### REQUIRED WORK
Work out how many lines of the records hold the string "only", and reply with that number alone.

━━━ AVAILABLE RECORDS

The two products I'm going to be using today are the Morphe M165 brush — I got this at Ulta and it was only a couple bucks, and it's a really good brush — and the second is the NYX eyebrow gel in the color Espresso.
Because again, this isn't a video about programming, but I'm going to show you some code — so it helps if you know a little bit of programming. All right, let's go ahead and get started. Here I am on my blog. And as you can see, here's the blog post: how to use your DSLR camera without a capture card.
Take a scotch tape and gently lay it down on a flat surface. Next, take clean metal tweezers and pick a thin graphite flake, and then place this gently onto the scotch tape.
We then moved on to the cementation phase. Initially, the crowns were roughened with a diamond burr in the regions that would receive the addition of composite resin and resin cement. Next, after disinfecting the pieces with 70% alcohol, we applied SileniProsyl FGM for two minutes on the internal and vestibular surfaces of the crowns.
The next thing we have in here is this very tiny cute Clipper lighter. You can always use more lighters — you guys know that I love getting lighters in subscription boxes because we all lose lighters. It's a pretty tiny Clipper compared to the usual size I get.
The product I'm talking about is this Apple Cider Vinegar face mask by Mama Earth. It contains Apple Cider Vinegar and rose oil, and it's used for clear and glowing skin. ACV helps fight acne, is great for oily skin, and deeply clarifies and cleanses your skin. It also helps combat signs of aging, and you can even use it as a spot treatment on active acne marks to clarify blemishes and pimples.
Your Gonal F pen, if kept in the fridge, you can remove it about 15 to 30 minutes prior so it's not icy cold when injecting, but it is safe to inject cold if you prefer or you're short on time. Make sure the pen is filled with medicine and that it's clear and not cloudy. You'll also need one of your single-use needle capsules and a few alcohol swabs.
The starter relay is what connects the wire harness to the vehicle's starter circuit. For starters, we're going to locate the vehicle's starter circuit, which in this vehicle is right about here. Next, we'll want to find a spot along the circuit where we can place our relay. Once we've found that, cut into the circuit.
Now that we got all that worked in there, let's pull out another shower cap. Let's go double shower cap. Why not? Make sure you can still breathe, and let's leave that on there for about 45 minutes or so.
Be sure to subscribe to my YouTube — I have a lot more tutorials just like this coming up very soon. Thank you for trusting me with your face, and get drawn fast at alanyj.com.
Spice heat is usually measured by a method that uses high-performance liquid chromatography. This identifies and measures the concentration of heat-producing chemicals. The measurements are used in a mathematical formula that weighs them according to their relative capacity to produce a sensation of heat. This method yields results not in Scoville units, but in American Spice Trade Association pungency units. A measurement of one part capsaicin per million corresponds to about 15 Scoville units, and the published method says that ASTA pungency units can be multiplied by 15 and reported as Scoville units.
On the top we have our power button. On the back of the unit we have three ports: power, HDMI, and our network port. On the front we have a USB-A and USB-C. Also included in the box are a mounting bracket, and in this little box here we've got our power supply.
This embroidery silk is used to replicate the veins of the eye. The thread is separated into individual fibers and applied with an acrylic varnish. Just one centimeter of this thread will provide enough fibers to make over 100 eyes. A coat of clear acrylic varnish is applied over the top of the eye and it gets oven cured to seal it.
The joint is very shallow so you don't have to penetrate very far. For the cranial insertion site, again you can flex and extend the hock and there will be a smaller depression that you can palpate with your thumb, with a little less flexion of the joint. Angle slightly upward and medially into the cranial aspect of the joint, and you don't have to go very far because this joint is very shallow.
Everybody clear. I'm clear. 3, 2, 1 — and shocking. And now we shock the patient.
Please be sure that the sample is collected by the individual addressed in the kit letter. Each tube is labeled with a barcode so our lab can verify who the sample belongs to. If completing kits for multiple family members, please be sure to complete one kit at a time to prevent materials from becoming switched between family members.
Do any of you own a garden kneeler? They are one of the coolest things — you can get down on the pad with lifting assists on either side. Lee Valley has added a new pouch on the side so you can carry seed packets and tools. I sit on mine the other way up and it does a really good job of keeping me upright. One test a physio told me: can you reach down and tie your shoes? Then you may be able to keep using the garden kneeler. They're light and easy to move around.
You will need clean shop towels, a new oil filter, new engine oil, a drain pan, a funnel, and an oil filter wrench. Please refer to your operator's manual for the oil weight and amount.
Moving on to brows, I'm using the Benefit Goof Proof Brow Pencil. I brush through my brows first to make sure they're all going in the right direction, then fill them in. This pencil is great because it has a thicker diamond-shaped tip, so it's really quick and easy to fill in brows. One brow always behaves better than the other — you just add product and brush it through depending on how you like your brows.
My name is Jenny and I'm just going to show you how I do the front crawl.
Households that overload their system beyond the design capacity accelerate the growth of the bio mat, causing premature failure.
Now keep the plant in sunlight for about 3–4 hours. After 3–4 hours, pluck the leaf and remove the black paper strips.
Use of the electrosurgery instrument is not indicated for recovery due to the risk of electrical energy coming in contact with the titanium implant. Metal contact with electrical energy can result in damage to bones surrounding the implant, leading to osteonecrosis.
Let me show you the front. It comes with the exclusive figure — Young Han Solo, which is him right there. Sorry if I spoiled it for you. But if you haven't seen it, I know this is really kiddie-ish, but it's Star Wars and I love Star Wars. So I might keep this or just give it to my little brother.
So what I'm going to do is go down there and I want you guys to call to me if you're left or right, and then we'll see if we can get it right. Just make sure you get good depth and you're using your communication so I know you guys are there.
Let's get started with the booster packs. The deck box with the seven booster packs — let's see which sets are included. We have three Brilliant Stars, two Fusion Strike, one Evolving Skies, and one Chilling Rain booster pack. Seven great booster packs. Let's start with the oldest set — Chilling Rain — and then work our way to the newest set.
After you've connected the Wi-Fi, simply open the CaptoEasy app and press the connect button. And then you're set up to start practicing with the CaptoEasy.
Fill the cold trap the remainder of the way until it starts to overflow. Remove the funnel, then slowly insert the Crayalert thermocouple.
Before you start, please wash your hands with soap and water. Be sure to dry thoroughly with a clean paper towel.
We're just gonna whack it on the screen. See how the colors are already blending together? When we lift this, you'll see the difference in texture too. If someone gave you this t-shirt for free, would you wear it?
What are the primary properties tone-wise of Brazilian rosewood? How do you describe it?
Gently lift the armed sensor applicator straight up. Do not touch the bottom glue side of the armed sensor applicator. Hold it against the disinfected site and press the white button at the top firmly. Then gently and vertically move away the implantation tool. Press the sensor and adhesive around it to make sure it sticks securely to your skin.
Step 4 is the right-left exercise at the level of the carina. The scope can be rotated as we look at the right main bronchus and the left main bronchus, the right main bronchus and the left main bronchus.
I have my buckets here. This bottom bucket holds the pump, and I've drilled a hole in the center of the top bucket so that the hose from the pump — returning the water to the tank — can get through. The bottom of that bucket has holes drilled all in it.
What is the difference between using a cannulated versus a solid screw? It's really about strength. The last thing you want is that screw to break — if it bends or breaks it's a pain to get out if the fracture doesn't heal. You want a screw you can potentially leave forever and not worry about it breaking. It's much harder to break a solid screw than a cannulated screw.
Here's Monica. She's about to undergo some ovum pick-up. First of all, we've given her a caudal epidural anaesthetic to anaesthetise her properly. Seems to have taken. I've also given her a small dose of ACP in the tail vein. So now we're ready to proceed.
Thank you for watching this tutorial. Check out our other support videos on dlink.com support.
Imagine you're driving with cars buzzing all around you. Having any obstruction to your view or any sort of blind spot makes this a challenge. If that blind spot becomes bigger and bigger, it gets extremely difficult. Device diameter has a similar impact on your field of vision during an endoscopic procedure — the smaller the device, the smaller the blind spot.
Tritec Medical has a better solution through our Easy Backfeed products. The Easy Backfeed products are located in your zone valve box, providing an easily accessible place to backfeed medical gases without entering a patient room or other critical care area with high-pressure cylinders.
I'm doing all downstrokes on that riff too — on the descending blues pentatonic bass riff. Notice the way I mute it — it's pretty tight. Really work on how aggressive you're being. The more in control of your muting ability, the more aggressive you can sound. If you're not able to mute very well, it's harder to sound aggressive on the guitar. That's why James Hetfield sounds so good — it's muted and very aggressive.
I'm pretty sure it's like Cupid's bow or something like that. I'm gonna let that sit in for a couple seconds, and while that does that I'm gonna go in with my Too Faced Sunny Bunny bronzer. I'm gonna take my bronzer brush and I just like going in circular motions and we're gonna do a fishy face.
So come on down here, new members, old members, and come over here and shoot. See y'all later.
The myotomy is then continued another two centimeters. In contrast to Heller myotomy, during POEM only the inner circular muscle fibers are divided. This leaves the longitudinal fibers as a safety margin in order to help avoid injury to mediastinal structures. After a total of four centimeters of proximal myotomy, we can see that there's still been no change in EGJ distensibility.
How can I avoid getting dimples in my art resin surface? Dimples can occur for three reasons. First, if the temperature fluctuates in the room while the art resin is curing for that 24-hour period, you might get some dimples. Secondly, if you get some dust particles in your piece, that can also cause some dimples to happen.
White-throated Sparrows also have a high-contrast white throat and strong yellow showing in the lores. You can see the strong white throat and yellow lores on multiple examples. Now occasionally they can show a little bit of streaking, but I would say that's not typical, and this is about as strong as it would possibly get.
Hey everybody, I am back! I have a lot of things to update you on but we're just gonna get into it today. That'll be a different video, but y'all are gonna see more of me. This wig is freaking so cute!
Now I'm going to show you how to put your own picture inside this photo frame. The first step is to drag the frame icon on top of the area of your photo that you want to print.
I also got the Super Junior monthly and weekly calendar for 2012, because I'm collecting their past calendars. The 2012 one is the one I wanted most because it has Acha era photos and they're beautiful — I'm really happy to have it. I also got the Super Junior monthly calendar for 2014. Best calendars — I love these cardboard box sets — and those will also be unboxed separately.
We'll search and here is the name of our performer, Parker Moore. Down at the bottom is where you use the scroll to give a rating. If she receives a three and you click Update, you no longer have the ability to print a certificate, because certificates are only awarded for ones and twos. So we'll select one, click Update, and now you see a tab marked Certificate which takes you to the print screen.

━━━━━━

### EXERCISE OUTPUT
3